[Opening SOURCE DATA section]

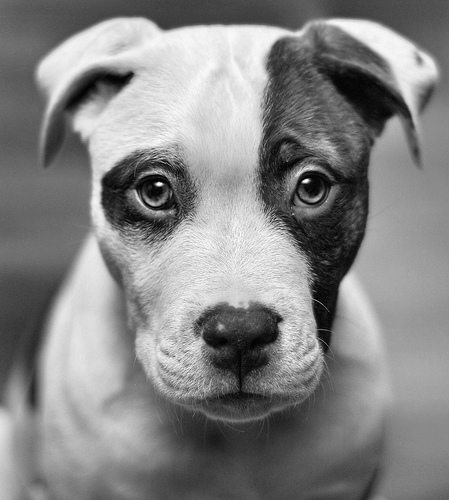 449x500, 91 Kb / собака, щенок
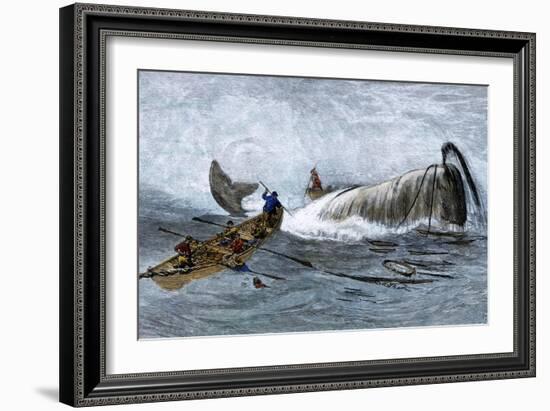 Whalers in Longboats Lancing a Whale with Harpoons, 1800s-null-Framed Premium Giclee Print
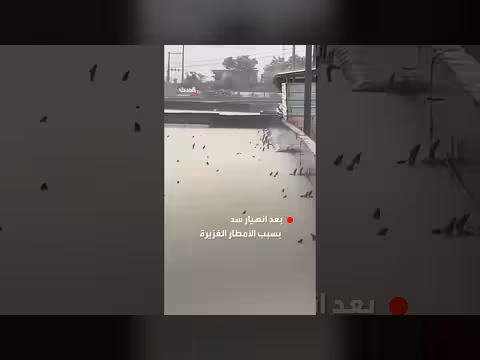 هروب 900 ثعبان في الصين بسبب فيضانات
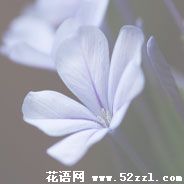 蓝雪花的花语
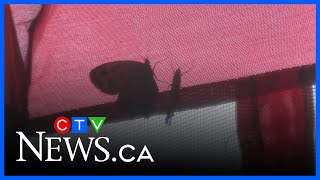 Increasing awareness about monarch butterflies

[Closing SOURCE DATA section]

- REQUIRED ACTION: Print the records above word for word, omitting any picture they contain.

- SOLUTION TO THIS EXERCISE:
 449x500, 91 Kb / собака, щенок
 Whalers in Longboats Lancing a Whale with Harpoons, 1800s-null-Framed Premium Giclee Print
 هروب 900 ثعبان في الصين بسبب فيضانات
 蓝雪花的花语
 Increasing awareness about monarch butterflies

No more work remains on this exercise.